Leonard Tose was a colorful, Runyonesque character who owned the Philadelphia Eagles for sixteen seasons including his team’s memorable Super Bowl season of 1980. Perhaps his greatest legacy, however, was his role as the driving force in establishing the Ronald McDonald houses nationwide.
Tose was known for both his hard living and soft heart. Born in 1914, in Bridgeport, Pa., Tose’s father, a Russian immigrant, was a peddler who eventually owned 10 trucks, the beginning of the family business. In its heyday, Tose Inc. owned more than 700 trucks and grossed $20 million a year.
Tose attended Notre Dame, played end on their freshman football team and developed a love of football that never waned. It was enhanced by his close friendship with legendary coach Frank Leahy. In 1949, he became one of a hundred local investors who purchased the Eagles. He was then 35.
In 1969, he became the principal owner of the Eagles, selling his trucking company so that he could devote himself entirely to his team. “He loved the Eagles”, said Jim Gallagher, their now-retired publicist. “All the players and coaches, even those he had to fire, loved him”. The turning point of his regime came in 1976 when he hired an untested college coach from UCLA. Tose was drawn to Dick Vermeil by his intensity and emotionality and it brought the owner his greatest prominence and joy: a glorious trip to the Super Bowl in 1981.

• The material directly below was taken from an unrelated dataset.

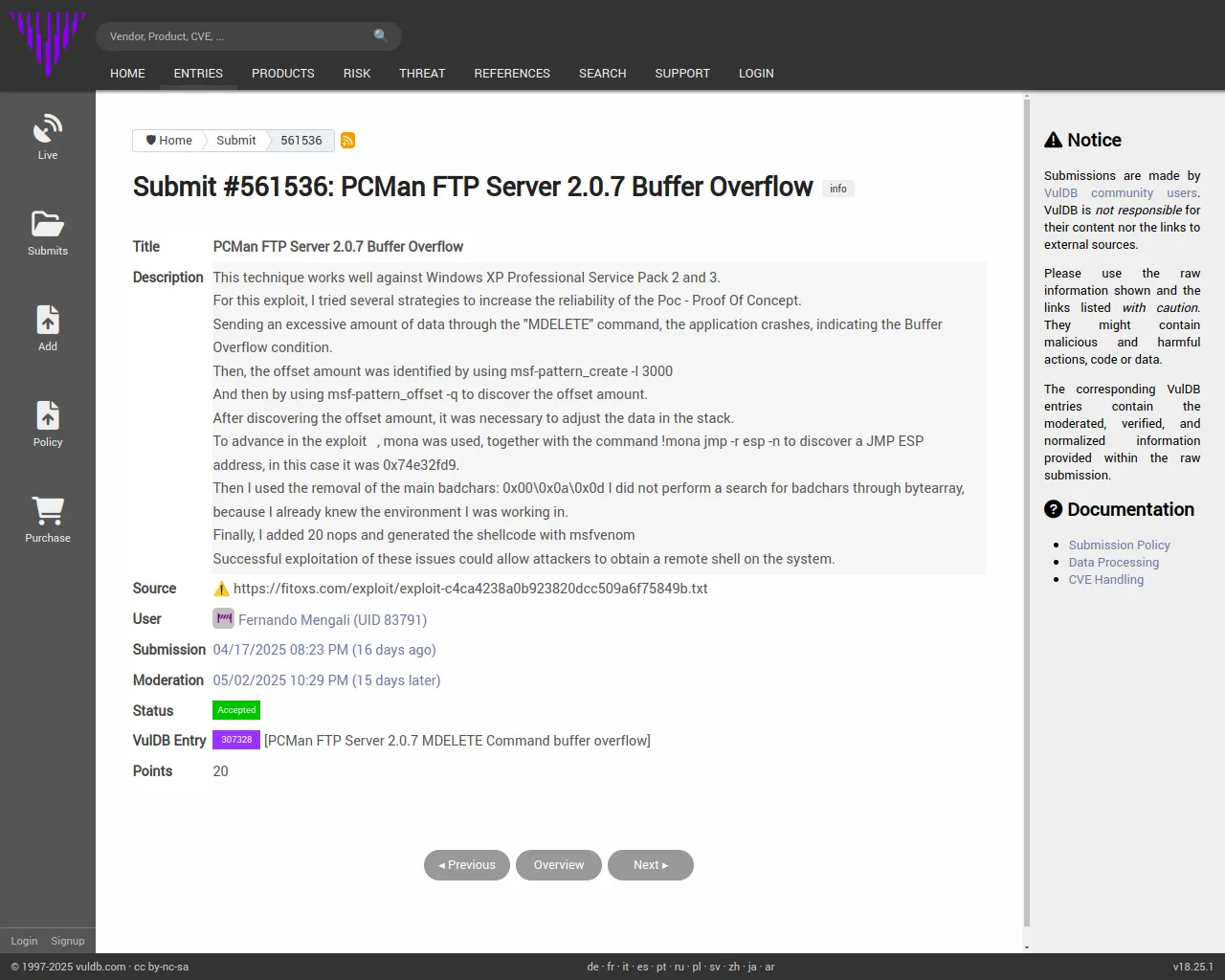 Submit #561536: PCMan FTP Server 2.0.7 Buffer Overflow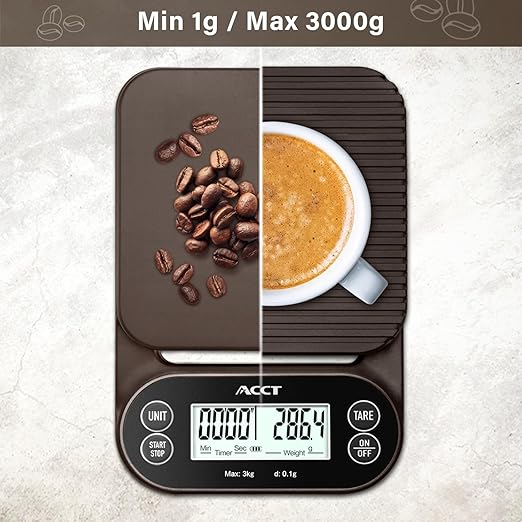 Coffee Scale with Timer - 3kg/0.1g Barista Scale for Espresso, Pour Over & Kitchen Use, 4 Units, High Precision Scale with Non-Slip Mat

The week before the game, Tose chartered several airplanes and flew 762 people to New Orleans where he treated players, friends and employees to gourmet dinners in the city’s finest restaurants.
Tose supported countless charities, and it was because of his efforts that The Eagles Fly for Leukemia and the Ronald McDonald House began. When financial troubles threatened to curtail the city’s Public League schools, Tose kept them afloat by writing a single $79,000 check. And he once bought bullet proof vests for the Philadelphia police when the city refused to purchase them. In yet another case of his generosity, he honored his father’s devotion to Judaism by raising money to build Tiferet Bet Israel, a synagogue in Blue Bell, Pennsylvania.